Back pressure for thread pool task queue
mrjackbo opened this issue · 3 comments
Hi,
starting from the basic inference example, how would you advise to implement a simple back pressure mechanism? If I understand correctly, the task queue of the thread pool implementation that Tensorrt lab uses, does not have an upper size limit. Thus, if for example, my data ingest is much faster than inference, the program will eventually run out of memory, as the input tensors have to be captured by the lambdas in the task queue. It would be nice to have an optional behavior, where enqueue becomes blocking once the task queue reaches a certain size.
Great question.
The nvRPC examples, similar to TRTIS, have several limits on the depth of the work queues.
- the number of gRPC contexts registered with the executor only allow for XXX gRPC messages to be pullled off the wire
executor->RegisterContexts(rpcCompute, rpcResources, XXX);
- if you are using the c++ or the python tensorrt runtime,
InferRunner
, has limits of the queue depth enforced by theInferenceManager
. We provide a canonical example of what's happening in theInferRunner
which demonstrates where the a call to the runtime might block.

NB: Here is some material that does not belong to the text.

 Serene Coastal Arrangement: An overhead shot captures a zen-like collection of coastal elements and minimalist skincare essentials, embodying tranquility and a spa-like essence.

auto buffers = GetResources()->GetBuffers();
- if you use the offload variant of the
Infer
method, then yes, you could get into a situation where your queue depth becomes unbounded and you run out of resources. - if you use the direct variant which operates on a
Bindings
object, then you've had to acquire aBindings
object, which similar to the canonical example means you've been limited by theInferenceManager
and the call may have blocked
- if you use the offload variant of the
Does this help?
The second part of your question on recognizing and reacting to queue depth.

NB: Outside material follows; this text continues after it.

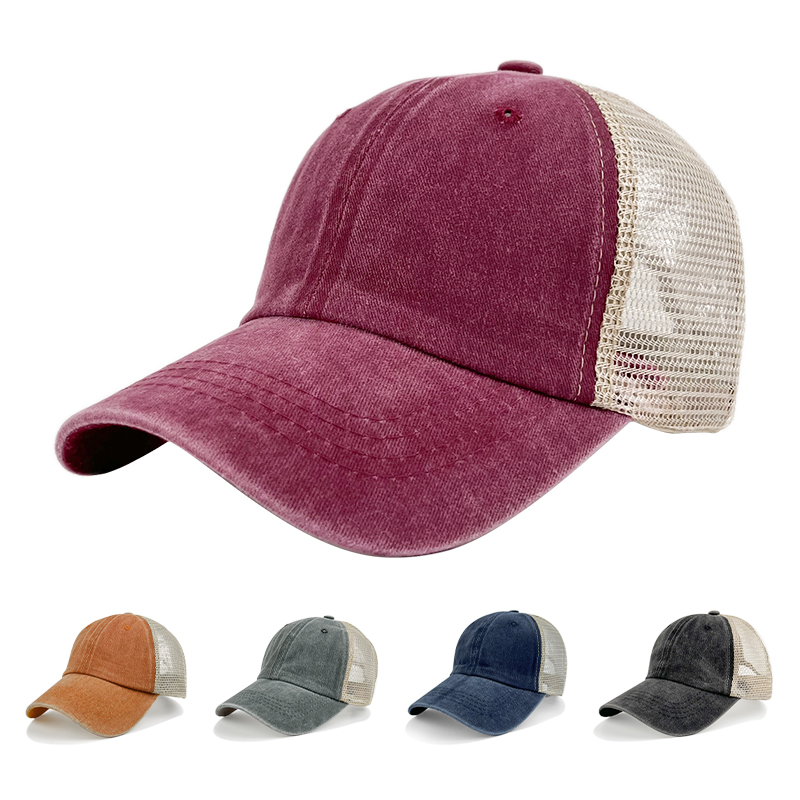 Cap Boy Pakistan Distressed Trucker Hat New Model Mesh La Headwear Blank 6 Panel Lady Woman Vintage Mesh Baseb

Both TRTIS and the some of the TRTLAB examples expose Prometheus metrics. The load ratio = request_time / compute_time
is a nice way to gauge queue depth. If you just measure queue depth, that doesn't help you distinguish the type of model in the queue. A large queue depth of models that don't take long to compute means something different than a queue depth of a model that takes a long time to compute. Load Ratio help normalize that with respect to the time the model takes to compute. You can use the load ratio and gpu energy consumption metrics to trigger horizontal auto scaling. Follow Issue #20 to track progress on this.
One thing we don't do in either the LAB or TRTIS is check the gRPC deadline. We should do this. This is one reactive way we can deal with queue depth is to simply start canceling requests on the server side. If you control the client, then this is a good feedback mechanism that you need to grow the number of workers. Follow Issue #21 to track progress.
Thanks! Yes, that helps a lot. I will use a fixed size ressource pool of buffers, into which my IO threads write the input blobs.
Let me know if you run into any problems or if we can improve the experience in any way.